Solution: Insert Interval

Statement

You are given a list of non-overlapping intervals, intervals, where each interval is represented as [starti, endi] and the list is sorted in ascending order by the start of each interval (starti). You are also given another interval, newInterval = [start, end].

Your task is to insert newInterval into the list of intervals such that the list remains sorted by starting times and still contains no overlapping intervalsOverlapping intervals are two or more intervals with at least one common point in time.. If any intervals overlap after the insertion, merge them accordingly.

Return the updated list of intervals.

Note: You don’t need to modify intervals in place. You can make a new array and return it.

Constraints:

• $0 \leq$ intervals.length $\leq 10^4$

• intervals[i].length, newInterval.length $== 2$

• $0 \leq$ starti $<$ endi $\leq 10^4$

• The list of intervals is sorted in ascending order based on the start time.

Solution

So far, you’ve probably brainstormed some approaches and have an idea of how to solve this problem. Let’s explore some of these approaches and figure out which one to follow based on considerations such as time complexity and any implementation constraints.

Naive approach

The naive approach involves iterating through the list of intervals and checking for overlaps with a new interval. If overlap occurs, the new interval merges with the existing one. After iterating the entire list, if no overlap occurs, append the new interval. Finally, we sort the list based on the start times of the intervals to ensure the correct order of intervals.

Iterating through the intervals to merge or append the new interval based on overlaps takes $O(n)$ time, where $n$ represents the number of intervals. Then, sorting the output list takes $O(n \log n)$ time. Therefore, the overall time complexity of this solution is $O(n \log n)$ due to sorting being the dominant factor. 

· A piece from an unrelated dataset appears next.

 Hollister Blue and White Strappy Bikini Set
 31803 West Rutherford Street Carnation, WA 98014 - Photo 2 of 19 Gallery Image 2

Optimized approach using the merge intervals pattern

The optimized approach avoids unnecessary sorting by leveraging the fact that the input list is already sorted and non-overlapping. We traverse the list once: first, we copy all intervals that end before the new interval starts — these cannot overlap and are added directly to the result. Next, we check for an overlap between the new interval and the last interval added. If there is no overlap, we simply append the new interval. Otherwise, we merge them by updating the end boundary to the maximum of the two. We then continue scanning the remaining intervals: if an interval does not overlap with the last one in the result, it is appended as is; if it overlaps, we merge it by updating the end boundary. This approach performs all operations in a single linear pass, resulting in an efficient $O(n)$ time complexity, which is a significant improvement over the naive solution that requires sorting.